ASSIGNMENT: A faithful transcription of the entries below is required.

[Data extracted from a collection]
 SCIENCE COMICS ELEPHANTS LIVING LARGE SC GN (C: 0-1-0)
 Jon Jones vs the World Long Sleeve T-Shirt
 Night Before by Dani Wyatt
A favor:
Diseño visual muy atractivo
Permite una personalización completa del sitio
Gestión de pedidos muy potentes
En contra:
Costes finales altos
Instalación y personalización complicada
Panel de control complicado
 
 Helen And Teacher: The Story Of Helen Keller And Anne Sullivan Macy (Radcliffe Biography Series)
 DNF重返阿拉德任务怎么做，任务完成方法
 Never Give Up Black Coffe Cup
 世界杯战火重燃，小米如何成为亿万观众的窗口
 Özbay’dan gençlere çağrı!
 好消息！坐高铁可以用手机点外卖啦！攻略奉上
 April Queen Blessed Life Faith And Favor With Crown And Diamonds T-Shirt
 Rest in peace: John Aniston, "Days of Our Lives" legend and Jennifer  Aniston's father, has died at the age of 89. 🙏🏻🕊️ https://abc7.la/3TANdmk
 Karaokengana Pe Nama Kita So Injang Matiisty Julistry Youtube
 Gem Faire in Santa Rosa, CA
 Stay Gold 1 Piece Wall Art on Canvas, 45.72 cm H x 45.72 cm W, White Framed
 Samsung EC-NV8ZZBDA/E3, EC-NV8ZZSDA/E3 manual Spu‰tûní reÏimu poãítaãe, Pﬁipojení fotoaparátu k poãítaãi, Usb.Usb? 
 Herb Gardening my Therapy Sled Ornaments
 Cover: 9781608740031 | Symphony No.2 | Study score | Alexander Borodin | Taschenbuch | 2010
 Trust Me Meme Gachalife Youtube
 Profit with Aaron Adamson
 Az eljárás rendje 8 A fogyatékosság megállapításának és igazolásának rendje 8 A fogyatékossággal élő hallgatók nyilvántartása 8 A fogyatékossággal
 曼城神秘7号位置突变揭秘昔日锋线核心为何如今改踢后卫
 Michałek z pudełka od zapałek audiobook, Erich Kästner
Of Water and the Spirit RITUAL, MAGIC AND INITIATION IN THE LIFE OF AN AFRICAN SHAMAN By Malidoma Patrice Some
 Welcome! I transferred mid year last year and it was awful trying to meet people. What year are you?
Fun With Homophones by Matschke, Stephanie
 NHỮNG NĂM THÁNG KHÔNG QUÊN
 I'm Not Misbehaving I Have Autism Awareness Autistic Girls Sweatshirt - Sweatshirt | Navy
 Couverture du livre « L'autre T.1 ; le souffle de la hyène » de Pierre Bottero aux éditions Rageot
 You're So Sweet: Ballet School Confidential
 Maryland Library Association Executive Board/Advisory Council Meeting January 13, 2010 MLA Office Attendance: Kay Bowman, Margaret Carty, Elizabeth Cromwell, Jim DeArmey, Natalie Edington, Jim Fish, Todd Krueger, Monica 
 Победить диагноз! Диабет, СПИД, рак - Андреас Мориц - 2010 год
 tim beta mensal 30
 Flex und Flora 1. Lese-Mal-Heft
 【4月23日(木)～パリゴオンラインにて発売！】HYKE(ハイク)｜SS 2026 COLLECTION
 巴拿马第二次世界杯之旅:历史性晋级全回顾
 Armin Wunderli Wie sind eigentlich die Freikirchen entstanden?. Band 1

ANSWER BOX:
 SCIENCE COMICS ELEPHANTS LIVING LARGE SC GN (C: 0-1-0)
 Jon Jones vs the World Long Sleeve T-Shirt
 Night Before by Dani Wyatt
A favor:
Diseño visual muy atractivo
Permite una personalización completa del sitio
Gestión de pedidos muy potentes
En contra:
Costes finales altos
Instalación y personalización complicada
Panel de control complicado
 
 Helen And Teacher: The Story Of Helen Keller And Anne Sullivan Macy (Radcliffe Biography Series)
 DNF重返阿拉德任务怎么做，任务完成方法
 Never Give Up Black Coffe Cup
 世界杯战火重燃，小米如何成为亿万观众的窗口
 Özbay’dan gençlere çağrı!
 好消息！坐高铁可以用手机点外卖啦！攻略奉上
 April Queen Blessed Life Faith And Favor With Crown And Diamonds T-Shirt
 Rest in peace: John Aniston, "Days of Our Lives" legend and Jennifer  Aniston's father, has died at the age of 89. 🙏🏻🕊️ https://abc7.la/3TANdmk
 Karaokengana Pe Nama Kita So Injang Matiisty Julistry Youtube
 Gem Faire in Santa Rosa, CA
 Stay Gold 1 Piece Wall Art on Canvas, 45.72 cm H x 45.72 cm W, White Framed
 Samsung EC-NV8ZZBDA/E3, EC-NV8ZZSDA/E3 manual Spu‰tûní reÏimu poãítaãe, Pﬁipojení fotoaparátu k poãítaãi, Usb.Usb? 
 Herb Gardening my Therapy Sled Ornaments
 Cover: 9781608740031 | Symphony No.2 | Study score | Alexander Borodin | Taschenbuch | 2010
 Trust Me Meme Gachalife Youtube
 Profit with Aaron Adamson
 Az eljárás rendje 8 A fogyatékosság megállapításának és igazolásának rendje 8 A fogyatékossággal élő hallgatók nyilvántartása 8 A fogyatékossággal
 曼城神秘7号位置突变揭秘昔日锋线核心为何如今改踢后卫
 Michałek z pudełka od zapałek audiobook, Erich Kästner
Of Water and the Spirit RITUAL, MAGIC AND INITIATION IN THE LIFE OF AN AFRICAN SHAMAN By Malidoma Patrice Some
 Welcome! I transferred mid year last year and it was awful trying to meet people. What year are you?
Fun With Homophones by Matschke, Stephanie
 NHỮNG NĂM THÁNG KHÔNG QUÊN
 I'm Not Misbehaving I Have Autism Awareness Autistic Girls Sweatshirt - Sweatshirt | Navy
 Couverture du livre « L'autre T.1 ; le souffle de la hyène » de Pierre Bottero aux éditions Rageot
 You're So Sweet: Ballet School Confidential
 Maryland Library Association Executive Board/Advisory Council Meeting January 13, 2010 MLA Office Attendance: Kay Bowman, Margaret Carty, Elizabeth Cromwell, Jim DeArmey, Natalie Edington, Jim Fish, Todd Krueger, Monica 
 Победить диагноз! Диабет, СПИД, рак - Андреас Мориц - 2010 год
 tim beta mensal 30
 Flex und Flora 1. Lese-Mal-Heft
 【4月23日(木)～パリゴオンラインにて発売！】HYKE(ハイク)｜SS 2026 COLLECTION
 巴拿马第二次世界杯之旅:历史性晋级全回顾
 Armin Wunderli Wie sind eigentlich die Freikirchen entstanden?. Band 1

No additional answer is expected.